I fell in love with this book for a number of reasons. First, I was reading from an educators perspective and felt there was much to learn and teach from Elva's experience. Secondly, I was reading about myself and my family. The migrant streams of the mid-century seperated many families and not until recently have they begun to reconnect. I met Elva 35-40 years ago as a little boy on one of two trips my father ever took back to Texas. My father Roberto Sada Trevino (authors first cousin) followed the migrant stream to Northern Colorado and like many before and after him never returned to their roots. Not until recently have some of these families begun to seek each other out. The book offers a pathway for discovery. Along with reading about her joys and struggles, I recall the stories my father told us about his experience. In our traditional cultural upbringing a first cousin of ones' parents is considered an Aunt or Uncle, lately that has shifted to be recognized as second cousin, but anyway you look at it, My Tia/Prima has opened up her Heart for the rest of the world to examine. For me the Trevino clan just got a little bit bigger. Can't wait for the next material.

Absorbing memoir

Reading Elva Trevino Hart's memoir of her childhood in a Mexican-American migrant family was a fascinating experience. I know very little about Mexican culture and next to nothing about migrant workers, but Ms. Hart described the events of her life with such vivid detail that I felt as though I were right there with her family. I look forward to reading more from this wonderful author.

It's about a magic childhood.

It's a great success story, from the hardships and hard, hard work of a migrant family to IBM honcho.

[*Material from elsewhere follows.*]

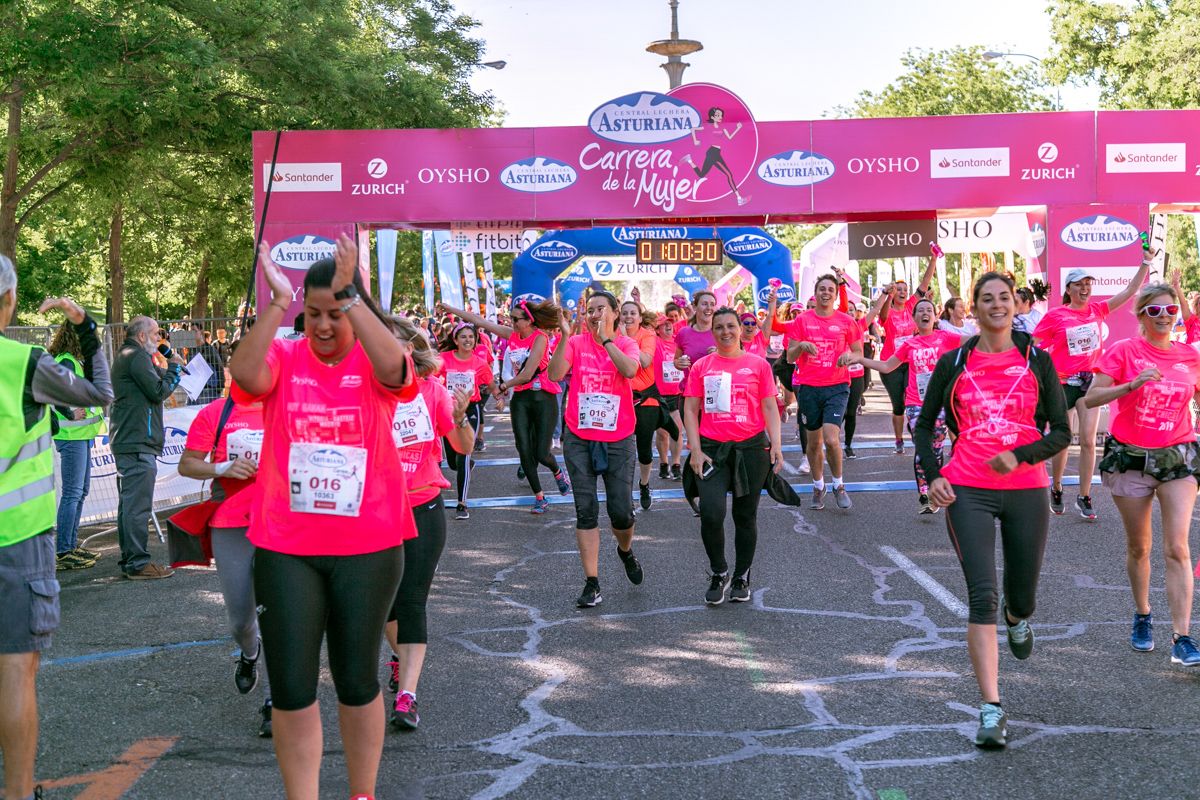 Carrera de la Mujer de Madrid - META, ARCO DERECHO (de 1:00:03 a 1:01:21)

But the greatest success is in turning back to her childhood and telling us of it with such honesty and love. And there is a particular quality in the telling that I think is hers alone and will be in anything else she writes: besides the love and warmth, what I can only describe as a magic aura, a special world in which the hurry and grasping of everyday life does not enter, where even the hardships turn beautiful because they are accepted so fully. On the last page of the book she addresses her father and mother and five brothers and sisters, "Sharing your lives has been a sacred privilege. I thank God that my life has been exactly as it was and that I shared it with you."